Talking Shop

Union reformers huddle at Labor Notes conference.

Steve Early

DETROIT – While many union militants from Canada and the northeastern United States spent the third weekend in April on the march in Quebec, nearly 1,000 gathered instead at Detroit’s Cobo Hall for an international conference sponsored by Labor Notes.

Not surprisingly, everyone honored is—in the words of their awards certificate—'a troublemaker'

Launched 22 years ago as an alternative to the vapid mainstream union press, Labor Notes has evolved into a unique vehicle for grassroots networking among left-wing activists, union democracy advocates and rank-and-file workers. The publication’s 11th biennial meeting showcased causes ranging from anti-sweatshop organizing and nurses’ strikes against mandatory overtime to Teamsters reform and the defense of South Carolina dock workers, who face felony riot charges after a bloody clash with state police. 

A major topic of the conference was how to build durable community-labor alliances so that unions can function more effectively on behalf of their own members and the broader working class.
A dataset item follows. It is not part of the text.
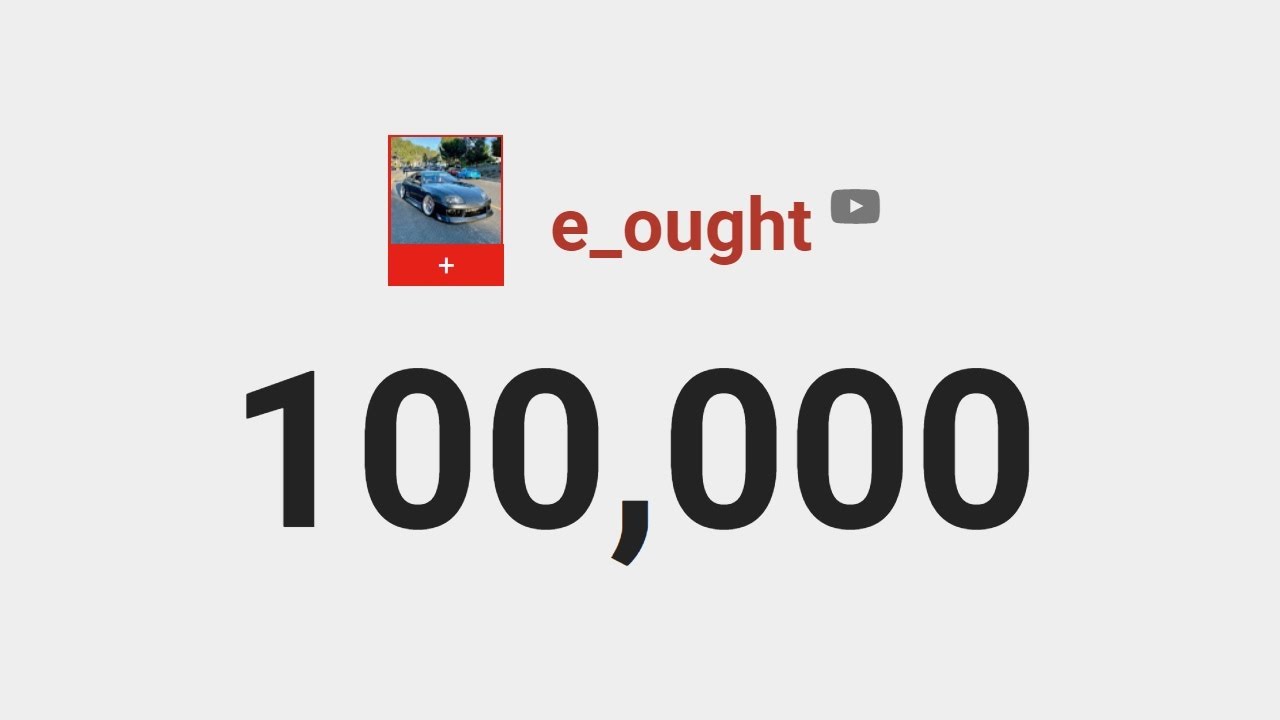 100k... Thank You Everyone! /Ep. 35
No conference participant symbolized this community-based unionism better than Ken Riley, president of International Longshoreman’s Association (ILA) Local 1422 in Charleston, South Carolina. Riley’s local is a progressive, predominantly African-American union that embraces campaigns like the fight against South Carolina’s flying of the Confederate flag over the state capitol. ILA members have some of the best-paying jobs for minority workers anywhere in the state, which boasts the lowest level of unionization (3.8 percent) in America. Our problems began when we started getting involved in state politics,” Riley explains. We were trying to be socially responsible to those around us. We can’t sit here and say, We got ours, forget about everybody else.’ We wanted to change what’s going on in South Carolina.” 

The union’s activism ran smack up against the state’s conservative political establishment, its powerful Chamber of Commerce and vengeful law enforcement agencies. ILA picketing of a nonunion stevedoring company triggered a police crackdown in Charleston’s port last year. A specially assembled task force of 600 cops attacked Riley and his co-workers, leaving nine in jail and more than a dozen injured. 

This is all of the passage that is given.